Your goal
Determine how many lines in the material below contain the string "Toddler", then state only that count.

Source material
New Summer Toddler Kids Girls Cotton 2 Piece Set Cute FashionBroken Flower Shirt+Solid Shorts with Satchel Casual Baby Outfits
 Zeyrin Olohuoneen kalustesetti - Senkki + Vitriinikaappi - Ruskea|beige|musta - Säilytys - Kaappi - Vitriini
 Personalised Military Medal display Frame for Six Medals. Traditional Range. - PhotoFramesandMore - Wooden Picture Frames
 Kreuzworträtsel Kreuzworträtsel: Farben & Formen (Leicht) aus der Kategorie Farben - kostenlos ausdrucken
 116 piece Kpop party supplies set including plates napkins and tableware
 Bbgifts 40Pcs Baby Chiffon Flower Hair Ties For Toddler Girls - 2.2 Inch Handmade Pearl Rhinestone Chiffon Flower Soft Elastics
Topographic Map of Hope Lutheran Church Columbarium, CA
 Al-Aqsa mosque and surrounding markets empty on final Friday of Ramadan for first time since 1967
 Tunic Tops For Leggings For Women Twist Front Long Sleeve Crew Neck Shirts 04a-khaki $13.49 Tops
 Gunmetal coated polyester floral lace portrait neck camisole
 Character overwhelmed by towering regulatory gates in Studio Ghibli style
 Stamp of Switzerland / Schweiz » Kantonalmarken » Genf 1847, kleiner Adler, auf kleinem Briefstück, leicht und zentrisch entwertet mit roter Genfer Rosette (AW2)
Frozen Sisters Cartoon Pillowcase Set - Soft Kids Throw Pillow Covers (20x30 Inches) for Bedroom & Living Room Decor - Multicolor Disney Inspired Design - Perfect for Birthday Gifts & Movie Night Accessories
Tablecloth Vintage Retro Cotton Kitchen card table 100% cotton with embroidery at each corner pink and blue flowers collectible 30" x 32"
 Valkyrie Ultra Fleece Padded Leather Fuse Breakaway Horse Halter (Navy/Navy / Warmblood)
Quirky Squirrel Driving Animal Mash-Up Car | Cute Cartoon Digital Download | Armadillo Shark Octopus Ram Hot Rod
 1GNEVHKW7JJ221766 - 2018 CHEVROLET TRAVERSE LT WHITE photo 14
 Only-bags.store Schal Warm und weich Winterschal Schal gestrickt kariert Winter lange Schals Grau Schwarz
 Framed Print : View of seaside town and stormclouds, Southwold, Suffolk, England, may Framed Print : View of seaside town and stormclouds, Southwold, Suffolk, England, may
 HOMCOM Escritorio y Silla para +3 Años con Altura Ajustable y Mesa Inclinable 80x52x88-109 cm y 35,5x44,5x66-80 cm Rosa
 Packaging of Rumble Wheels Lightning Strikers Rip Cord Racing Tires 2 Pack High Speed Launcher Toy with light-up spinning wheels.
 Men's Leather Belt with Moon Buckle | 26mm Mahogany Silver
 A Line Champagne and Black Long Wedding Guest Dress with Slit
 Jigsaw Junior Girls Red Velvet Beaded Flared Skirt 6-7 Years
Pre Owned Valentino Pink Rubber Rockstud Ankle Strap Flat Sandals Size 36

Task answer
2